= Günter Bust =

German music educator and composer

Günter Bust (12 July 1930 – 27 May 2005) was a German music educator and composer.

== Life ==
Born in Ottersleben, today Magdeburg, Bust first attended the 23rd Magdeburg Community School, then the Musische Gymnasium Leipzig from 1941 to 1945. After the Bombing of Leipzig, the school was evacuated to Nossen in 1943/44. At the end of the war, he stayed in Zschopau.

After the Abitur at the Domgymnasium Magdeburg, he studied school music with Fritz Reuter and Slavic studies at the Martin Luther University of Halle-Wittenberg from 1949 to 1953. On the occasion of the Deutschlandtreffen der Jugend in East Berlin in 1950, he founded the "Central Choir" which is considered the forerunner of the Hochschulchor "Johann Friedrich Reichardt" in Halle.

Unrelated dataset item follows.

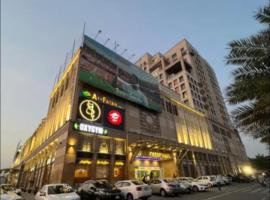 Goldcrest Apartment Lahore: Lahor şehrinde bir otel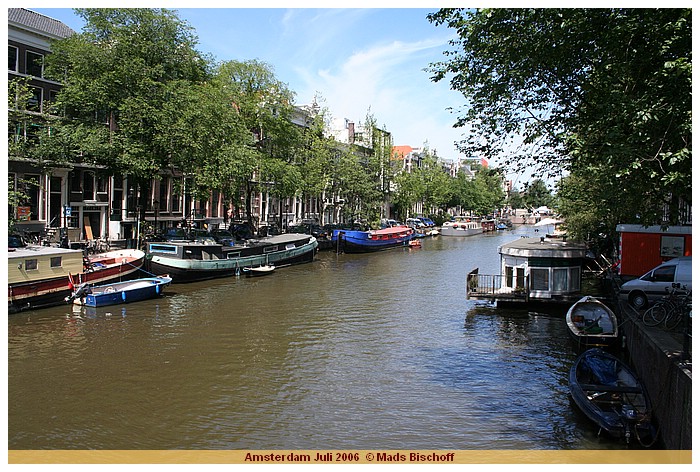 Klik p billedet for at g til det nste foto! IMG_3682 Amsterdam Juli 2006 * Fotos: Mads Bischoff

Bust then worked as a teacher in Halberstadt and Dessau. From 1956 to 1963, he was head of the music department at the Institute for Teacher Education in Weißenfels. Afterwards, he taught at the Käthe Kollwitz secondary school in Schönebeck.

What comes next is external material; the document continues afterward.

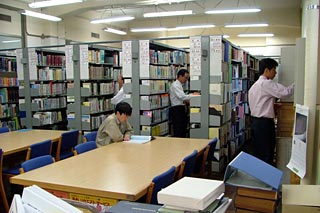 写真：図書室2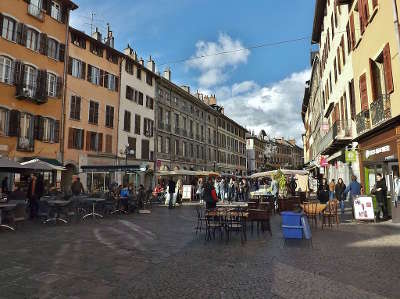 Chambery ville d art et d histoire place saint leger routes touristiques de savoie guide touristique de rhone alpes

From 1967 to 1995 he was head of the Conservatory Georg Philipp Telemann, where he taught music theory, practical school play and viola. He also presided over the youth symphony orchestra there. At the music school, he set up a secretariat for the "Georg Philipp Telemann" working group. This became the centre of Telemann care and research in 1985. Bust also installed a musical pre-school education. Furthermore, he made Magdeburg the venue for the chamber music competition of the GDR. In 1976, he created a composer class at the music school.

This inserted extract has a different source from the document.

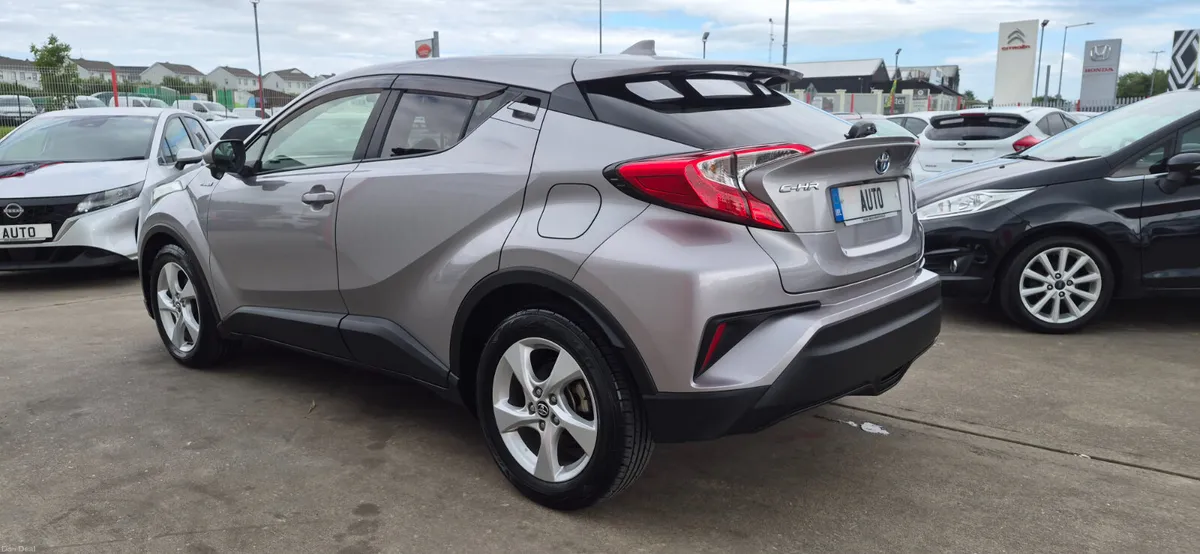 Toyota C-HR automatic hybrid/petrol 1.8 low kms - Image 4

In 1974, he inaugurated the first new carillon in the GDR on the tower of the Rathaus Magdeburg. In 1978, he was involved in setting up the Magdeburg branch of the University of Music and Theatre Leipzig. From 1990 onwards, he was a lecturer at the Institute of Music at the Otto von Guericke University Magdeburg. He taught practical school playing, basso continuo and score playing. He was also a co-founder of the Saxony-Anhalt Association of Music Schools, the Landesmusikrat Sachsen-Anhalt, the Saxony-Anhalt Association of German Musicians and the Saxony-Anhalt State Music Festival.

Bust was violist of the König String Quartet Magdeburg. He also played in the Magdeburg Chamber Orchestra and the Academic Orchestra of Otto von Guericke University Magdeburg, which he conducted from 1997 to 2001. He was also active as an arranger and composer.

In 2005 he was awarded the Telemann-Pokal of the Telemann-Arbeitskreis.

Bust died in Schönebeck at the age of 74.